Work item:
Repeat exactly the lines of the material below that run from the "7714 Brettonwood Drive" line to the "White side table" line, including both, and do not carry over any pictures.

Dataset records:

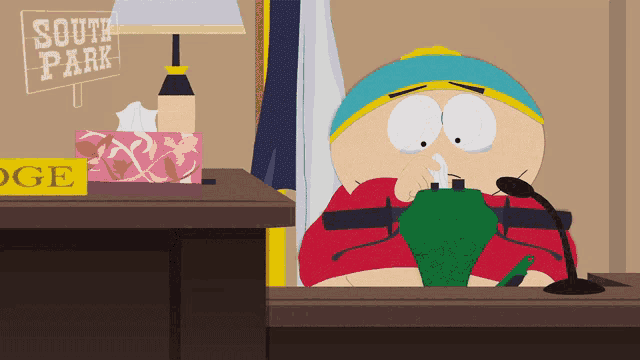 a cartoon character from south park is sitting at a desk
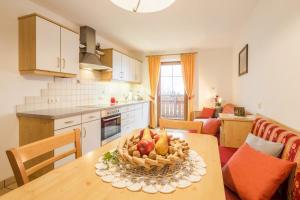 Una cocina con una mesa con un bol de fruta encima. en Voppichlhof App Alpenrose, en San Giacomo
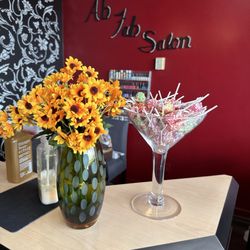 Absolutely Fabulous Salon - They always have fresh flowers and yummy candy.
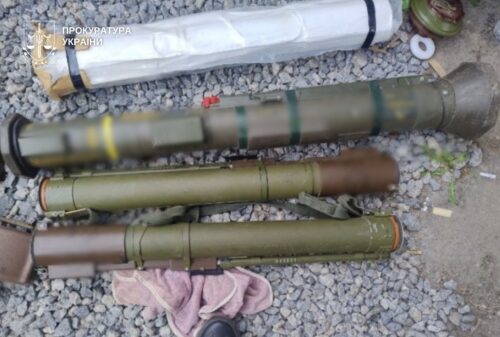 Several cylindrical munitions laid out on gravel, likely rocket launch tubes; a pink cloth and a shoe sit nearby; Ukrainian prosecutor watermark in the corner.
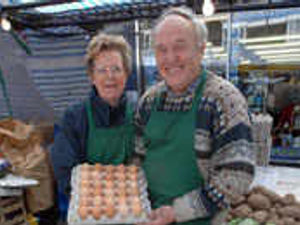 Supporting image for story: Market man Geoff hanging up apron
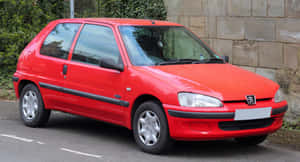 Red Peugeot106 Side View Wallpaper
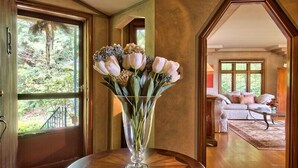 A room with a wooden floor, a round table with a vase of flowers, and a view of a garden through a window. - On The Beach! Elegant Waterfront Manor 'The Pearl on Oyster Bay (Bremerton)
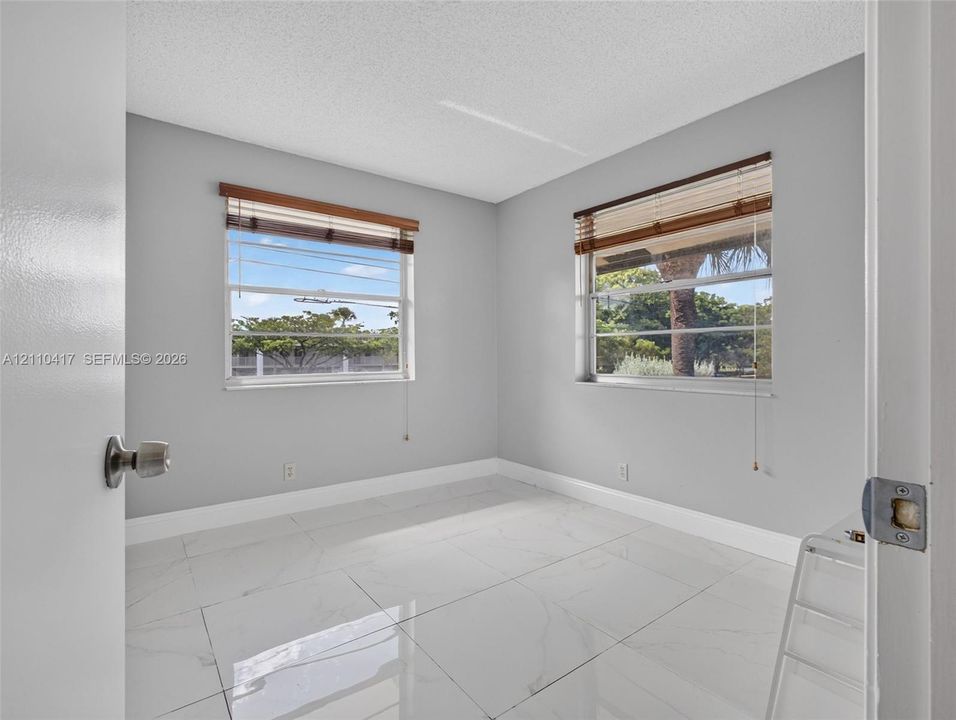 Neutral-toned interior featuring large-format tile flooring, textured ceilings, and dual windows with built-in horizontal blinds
---
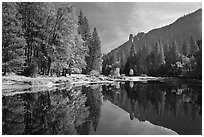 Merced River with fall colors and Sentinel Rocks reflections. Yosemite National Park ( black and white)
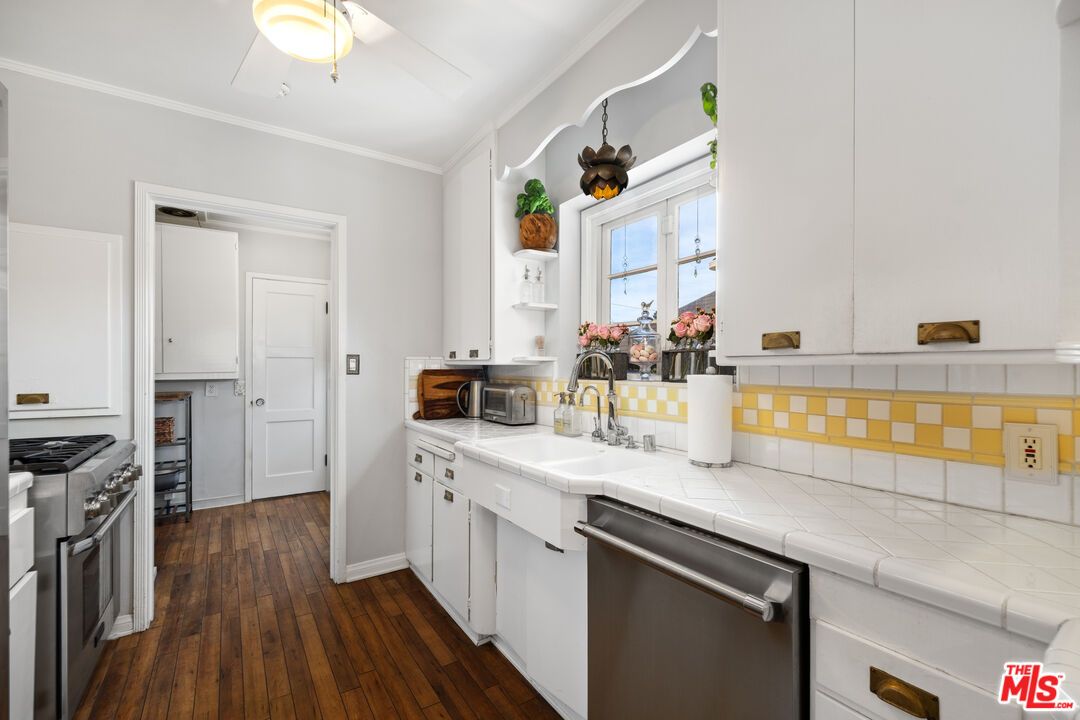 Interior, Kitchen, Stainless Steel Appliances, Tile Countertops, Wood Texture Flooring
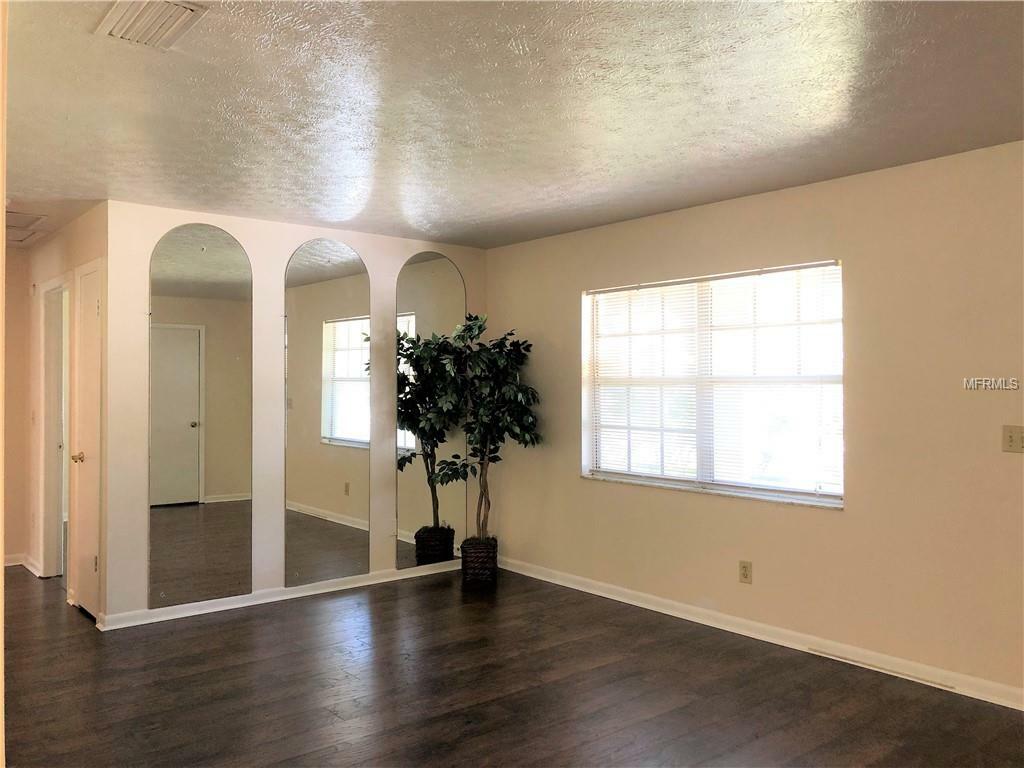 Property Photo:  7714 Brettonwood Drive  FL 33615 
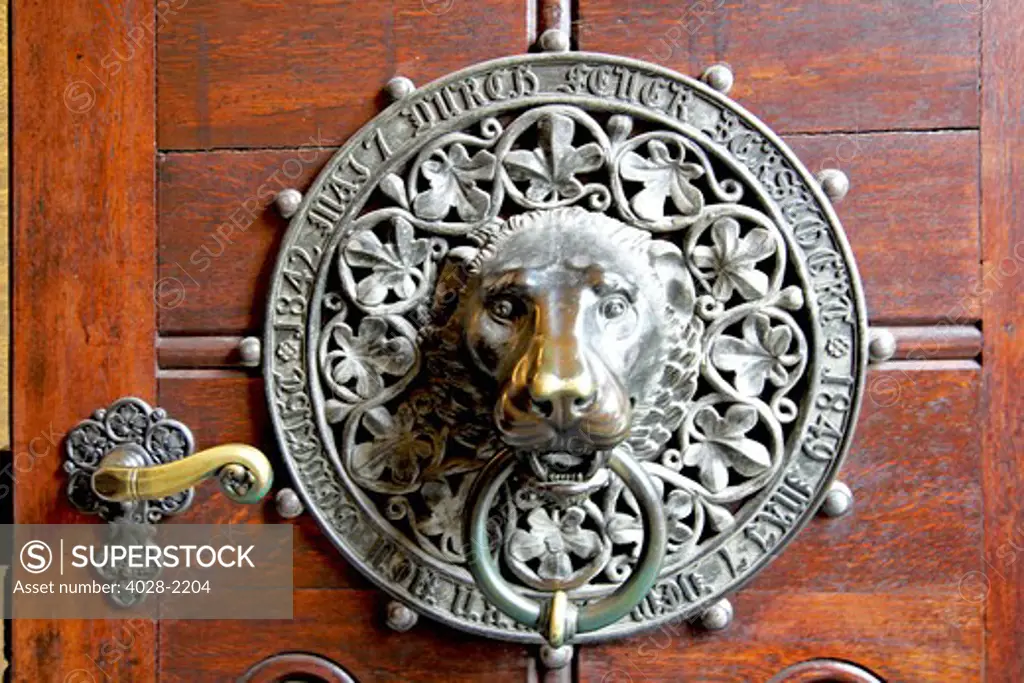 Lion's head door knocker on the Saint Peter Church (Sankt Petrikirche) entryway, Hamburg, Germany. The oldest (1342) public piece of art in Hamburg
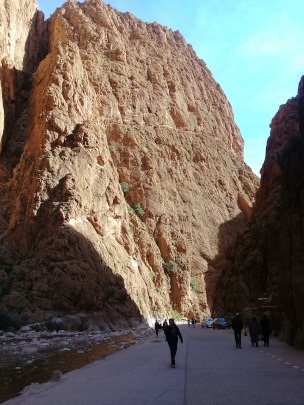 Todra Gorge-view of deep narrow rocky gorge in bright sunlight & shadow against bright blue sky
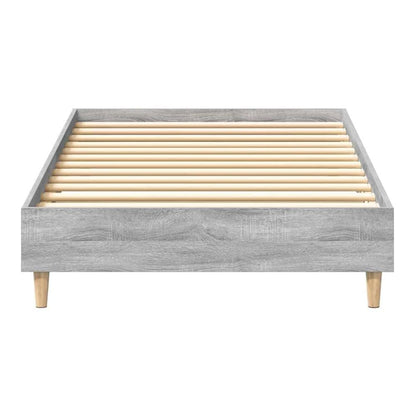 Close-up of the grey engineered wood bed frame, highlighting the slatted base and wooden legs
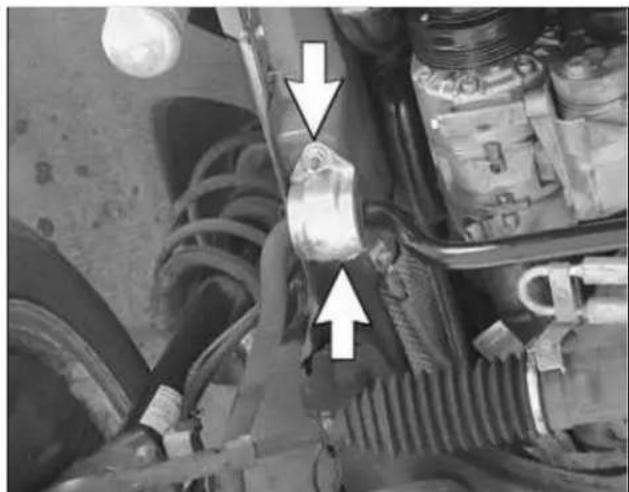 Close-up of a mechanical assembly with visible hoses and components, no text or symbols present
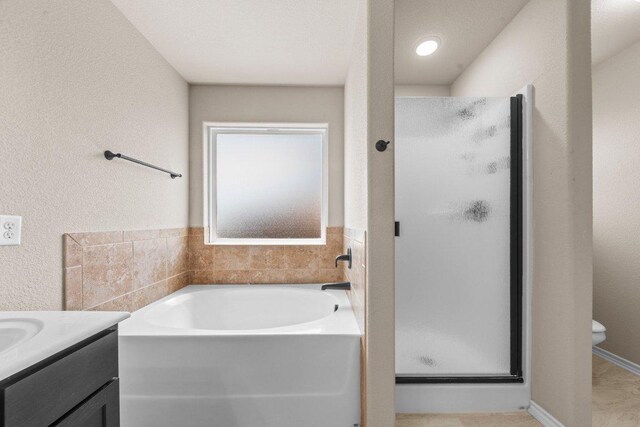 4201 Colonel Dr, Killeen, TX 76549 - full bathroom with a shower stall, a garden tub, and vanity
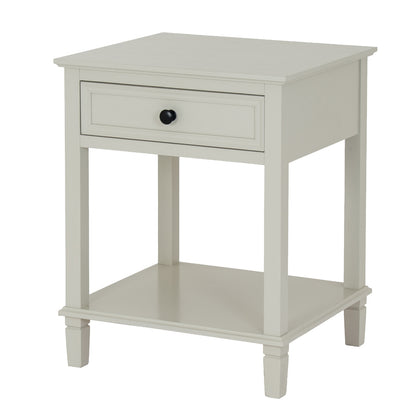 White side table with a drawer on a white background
* * *
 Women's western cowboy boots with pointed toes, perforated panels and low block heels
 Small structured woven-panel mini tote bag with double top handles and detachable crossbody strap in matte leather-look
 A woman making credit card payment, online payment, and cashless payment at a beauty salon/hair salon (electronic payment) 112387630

Task answer:
 Property Photo:  7714 Brettonwood Drive  FL 33615 
 Lion's head door knocker on the Saint Peter Church (Sankt Petrikirche) entryway, Hamburg, Germany. The oldest (1342) public piece of art in Hamburg
 Todra Gorge-view of deep narrow rocky gorge in bright sunlight & shadow against bright blue sky
 Close-up of the grey engineered wood bed frame, highlighting the slatted base and wooden legs
 Close-up of a mechanical assembly with visible hoses and components, no text or symbols present
 4201 Colonel Dr, Killeen, TX 76549 - full bathroom with a shower stall, a garden tub, and vanity
 White side table with a drawer on a white background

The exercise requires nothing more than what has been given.